### TASK STATEMENT
In the listing below, locate the line with "Outfit mit Braun/Beige/Khaki" and the line with "Étkezőgarnitúra 1+4, világos", then output both and everything between them exactly, minus any pictures.
***** SOURCE INFORMATION *****
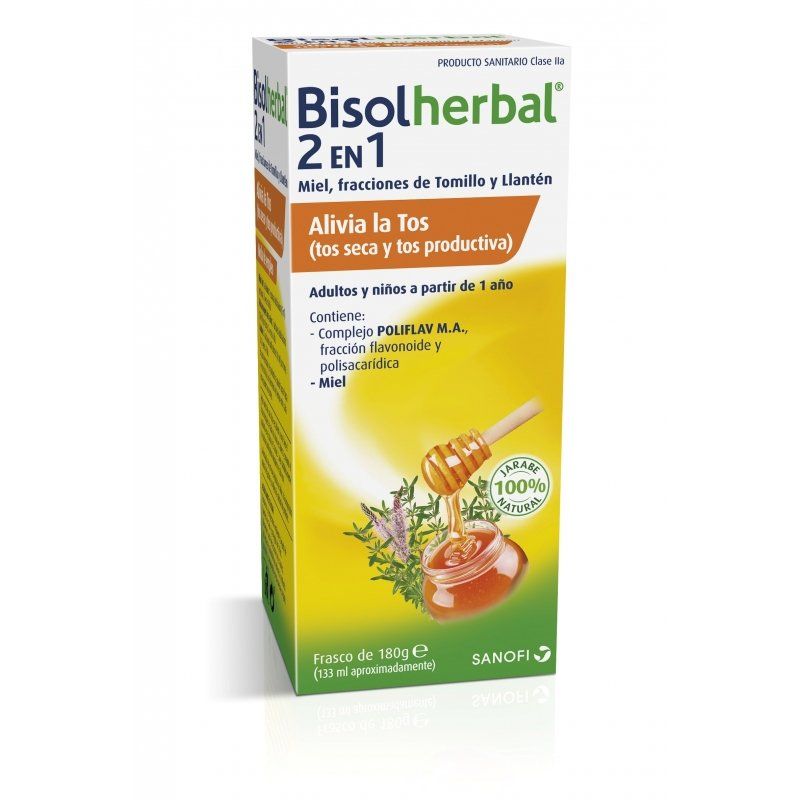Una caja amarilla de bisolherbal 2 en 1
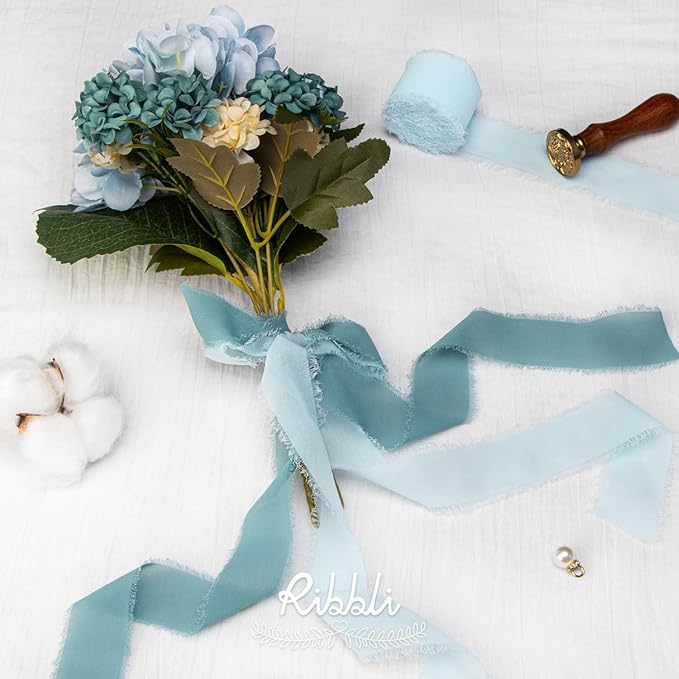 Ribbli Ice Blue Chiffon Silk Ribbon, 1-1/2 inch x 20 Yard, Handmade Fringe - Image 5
*****
***** SOURCE INFORMATION *****
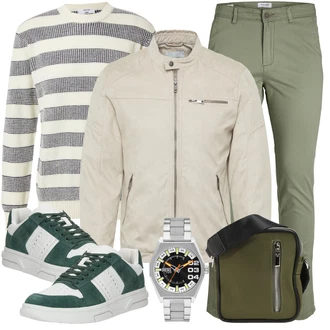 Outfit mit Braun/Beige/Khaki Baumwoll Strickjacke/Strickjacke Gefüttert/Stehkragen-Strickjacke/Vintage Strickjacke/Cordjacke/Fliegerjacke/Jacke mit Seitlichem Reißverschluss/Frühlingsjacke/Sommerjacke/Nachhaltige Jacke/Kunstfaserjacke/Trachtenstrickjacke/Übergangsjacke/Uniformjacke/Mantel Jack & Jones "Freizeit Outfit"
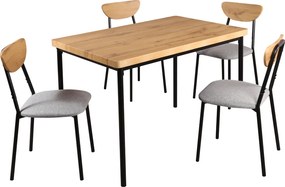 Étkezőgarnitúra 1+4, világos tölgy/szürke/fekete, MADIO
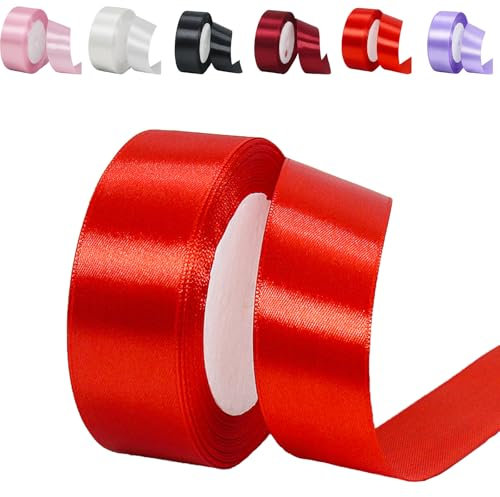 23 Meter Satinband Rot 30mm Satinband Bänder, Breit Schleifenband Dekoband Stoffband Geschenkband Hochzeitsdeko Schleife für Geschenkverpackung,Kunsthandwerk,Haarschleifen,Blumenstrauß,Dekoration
*****
***** SOURCE INFORMATION *****
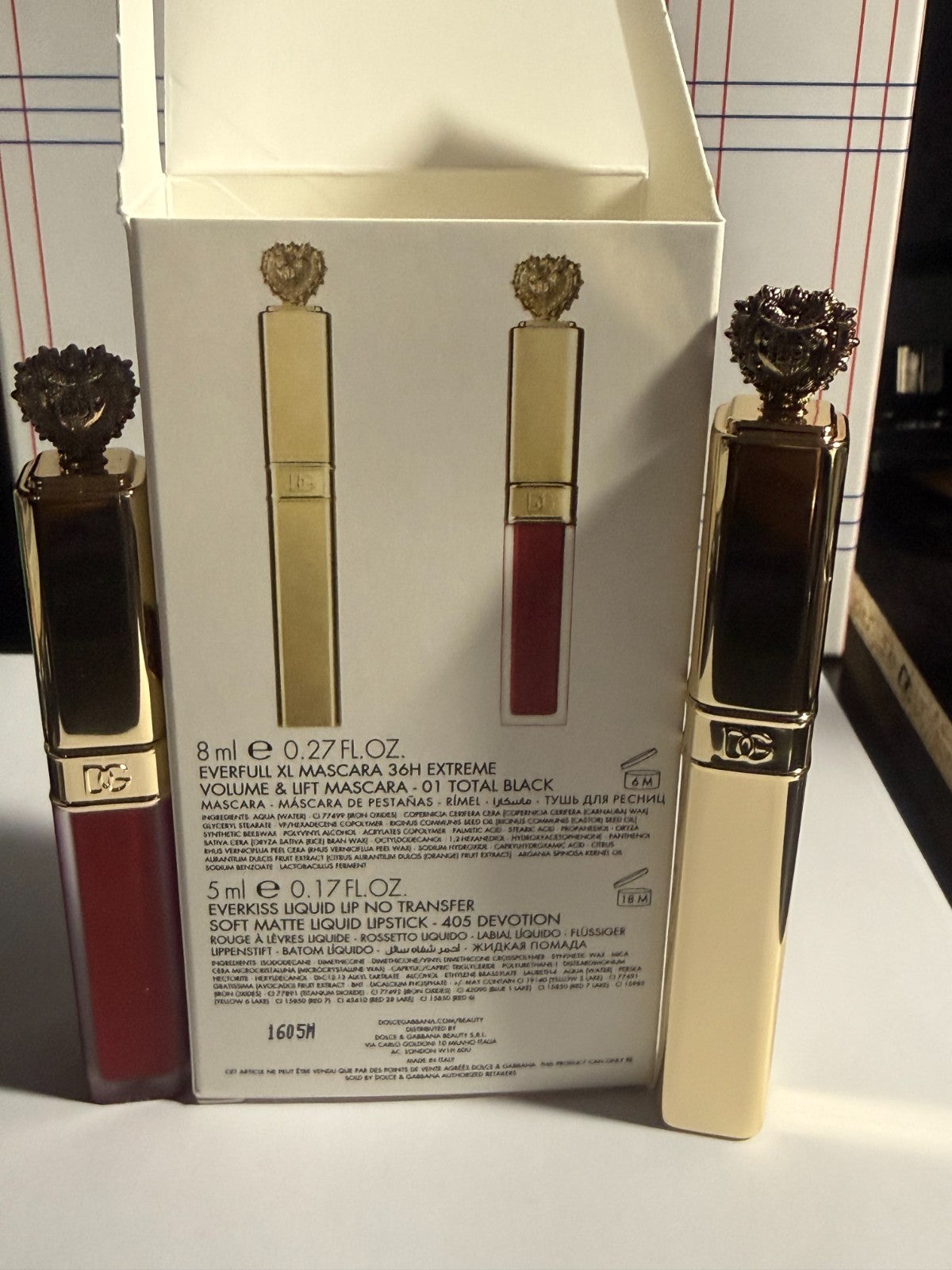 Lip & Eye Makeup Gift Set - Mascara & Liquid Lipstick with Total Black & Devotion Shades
*****
### ANSWER BELOW
 Outfit mit Braun/Beige/Khaki Baumwoll Strickjacke/Strickjacke Gefüttert/Stehkragen-Strickjacke/Vintage Strickjacke/Cordjacke/Fliegerjacke/Jacke mit Seitlichem Reißverschluss/Frühlingsjacke/Sommerjacke/Nachhaltige Jacke/Kunstfaserjacke/Trachtenstrickjacke/Übergangsjacke/Uniformjacke/Mantel Jack & Jones "Freizeit Outfit"
 Étkezőgarnitúra 1+4, világos tölgy/szürke/fekete, MADIO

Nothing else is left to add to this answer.